'''

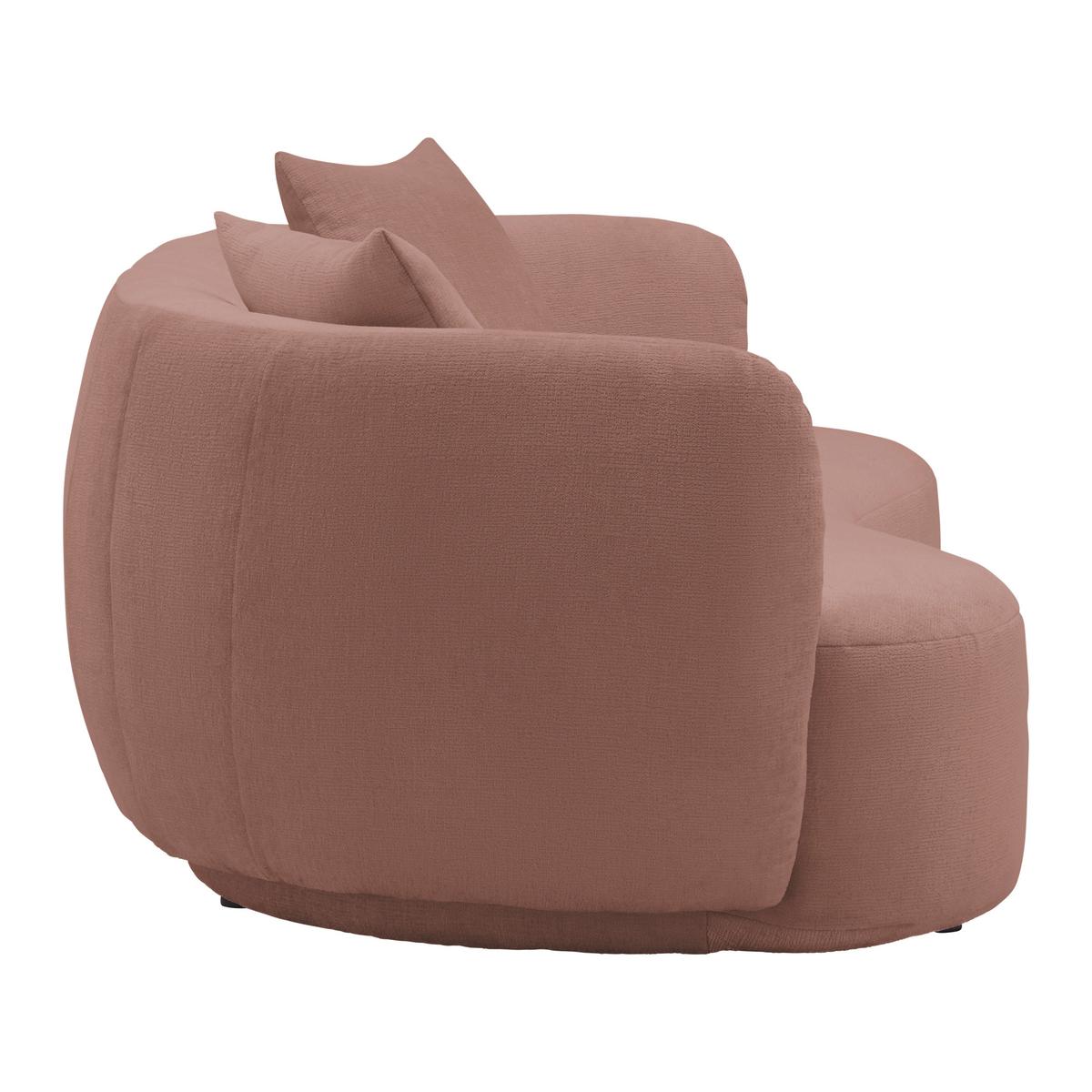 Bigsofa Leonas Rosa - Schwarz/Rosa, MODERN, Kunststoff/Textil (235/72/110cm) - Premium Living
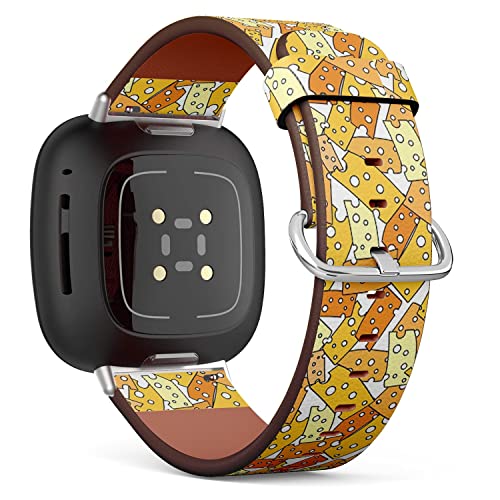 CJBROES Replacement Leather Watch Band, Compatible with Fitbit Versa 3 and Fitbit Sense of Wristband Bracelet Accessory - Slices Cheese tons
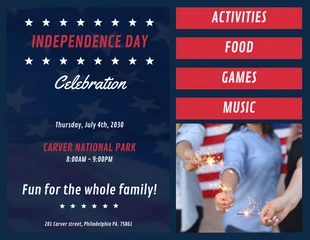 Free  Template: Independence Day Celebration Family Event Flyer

'''

__Assigned task__
Reproduce the data above in full, exactly, with the images removed.

__Reply to the task__
 Bigsofa Leonas Rosa - Schwarz/Rosa, MODERN, Kunststoff/Textil (235/72/110cm) - Premium Living
 CJBROES Replacement Leather Watch Band, Compatible with Fitbit Versa 3 and Fitbit Sense of Wristband Bracelet Accessory - Slices Cheese tons
 Free  Template: Independence Day Celebration Family Event Flyer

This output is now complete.